De hartbladige of Italiaanse els - Alnus cordata is een middelgrote boom uit het Middellandse Zeegebied die weinig eisen aan de bodem stelt.

Zowel de Europese of Oosterse netelboom - Celtis australis uit het Middellandse Zeegebied als zijn Amerikaanse neef, de westerse netelboom of zwepenboom - Celtis occidentalis, gedijen op uiteenlopende bodems, zijn droogtebestendig en leveren kwaliteitshout.

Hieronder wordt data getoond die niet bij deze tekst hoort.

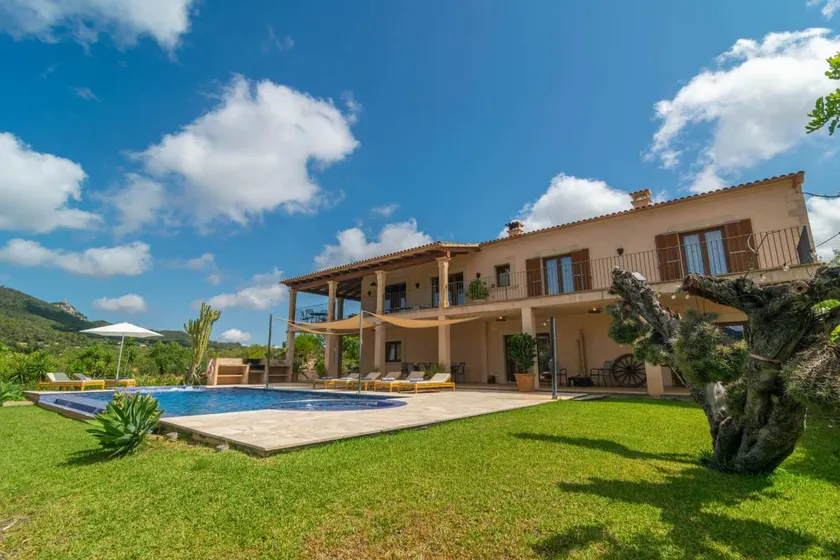 Villa with barbecue - Image 1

De pluimes - Fraxinus ornus uit Zuid-Europa en West-Azië verdraagt verharding en droogte en doet het goed op zowat alle bodemtypes. Nadeel is dat hij traag groeit.

De Amerikaanse amberboom - Liquidambar spp. kan goed tegen verharding en groeit het liefst op leemgronden.

De Europese hopbeuk - Ostrya carpinifolia uit Zuid-Europa is een kleine boom die op alle bodems groeit, zelfs op zeer droge. Bovendien heeft hij weinig problemen met verharding.

Ook Aziatische bomen blijken soms interessant. De Japanse zelkovaZelkova serrata is een mooie boom die houdt van leemgronden en die verharding en voorjaarsvorst goed verdraagt.

Ook Zuid-Europese eikensoorten komen in het vizier van de klimaatslimme bosbouwer. De moseik of Turkse eik - Quercus cerris levert goed hout op, maar verdraagt geen verharding. De Hongaarse eikQuercus frainetto uit de Balkan kan wat beter tegen verdichting en gedijt zowel op droge als natte standplaatsen. De steeneik - Quercus ilex tolereert halfverharding en houdt van droge en kalkrijke bodems. Nadeel is dat jonge steeneiken vorstgevoelig zijn.